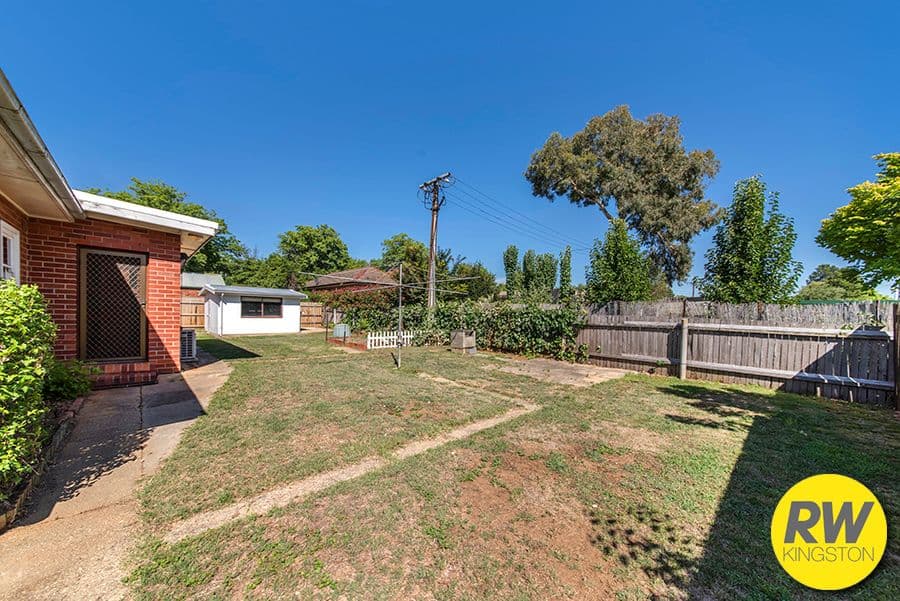 22 Blaxland Crescent, Griffith ACT 2603, Griffith - Thumbnail 4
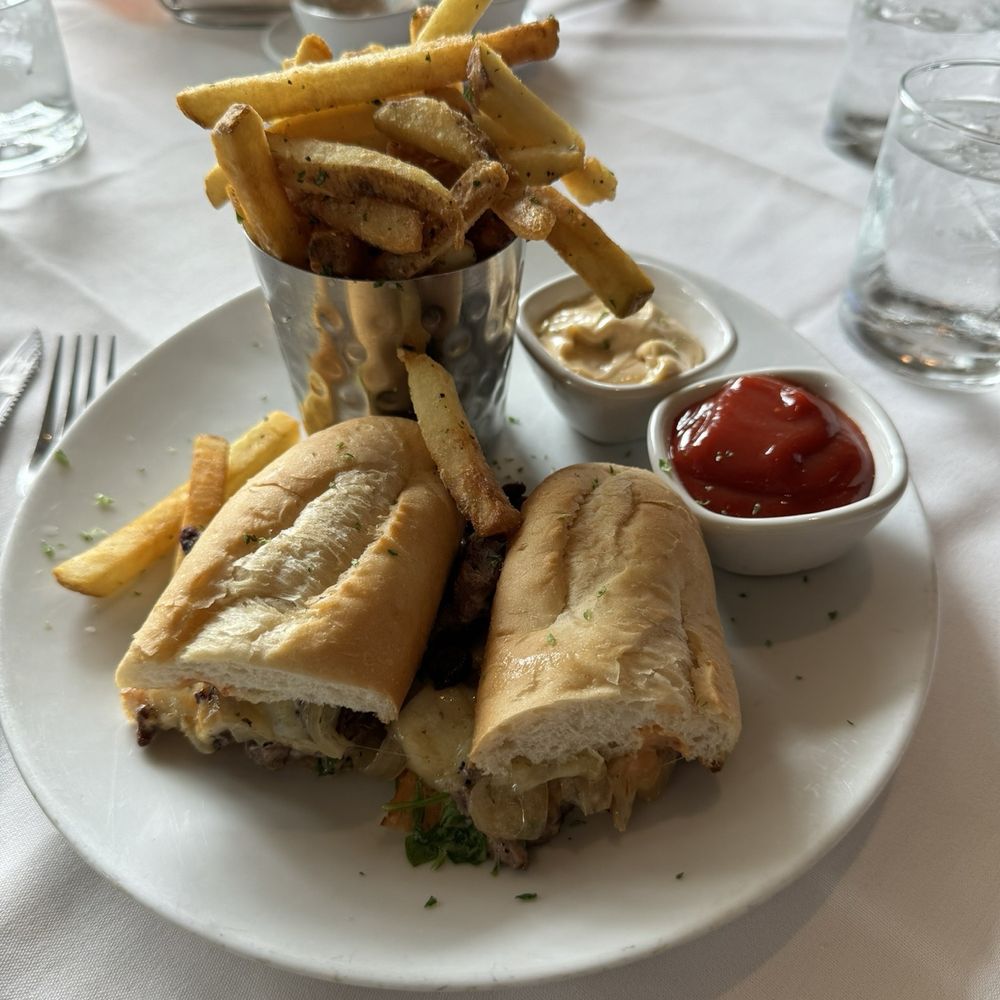 Fleming’s Prime Steakhouse & Wine Bar - Filet Mignon Sandwich - Wine Bars Near Me - Plano, Texas Fleming’s Prime Steakhouse & Wine Bar - Filet Mignon Sandwich - Wine Bars Near Me - Plano, Texas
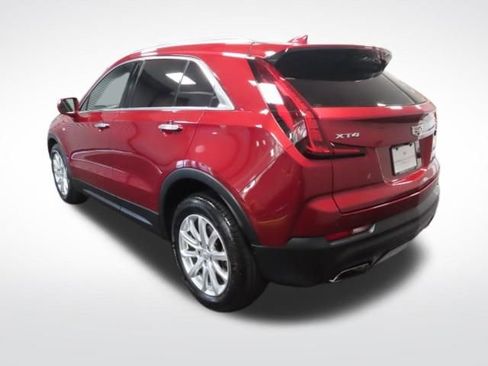 Used 2020 Cadillac XT4 Luxury w/ Cold Weather Package image 3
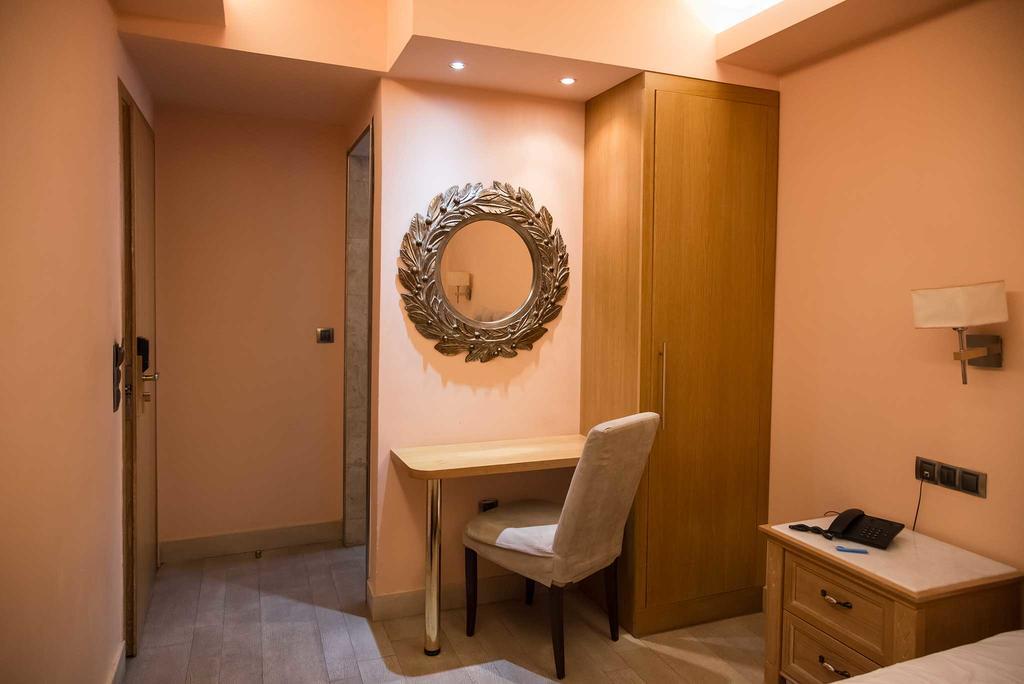 Hotel Maroussi Aten Exteriör bild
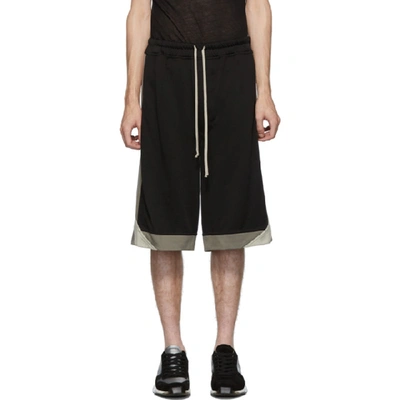 Shop Rick Owens Black Karloff Shorts In 093408 Blac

--------------------------------

* **WHAT IS NEEDED**: Reproduce verbatim the lines of the material above, beginning with its first line and ending with the line that contains "Plano, Texas Fleming’s"; skip pictures.

* **EXERCISE OUTPUT**:
 22 Blaxland Crescent, Griffith ACT 2603, Griffith - Thumbnail 4
 Fleming’s Prime Steakhouse & Wine Bar - Filet Mignon Sandwich - Wine Bars Near Me - Plano, Texas Fleming’s Prime Steakhouse & Wine Bar - Filet Mignon Sandwich - Wine Bars Near Me - Plano, Texas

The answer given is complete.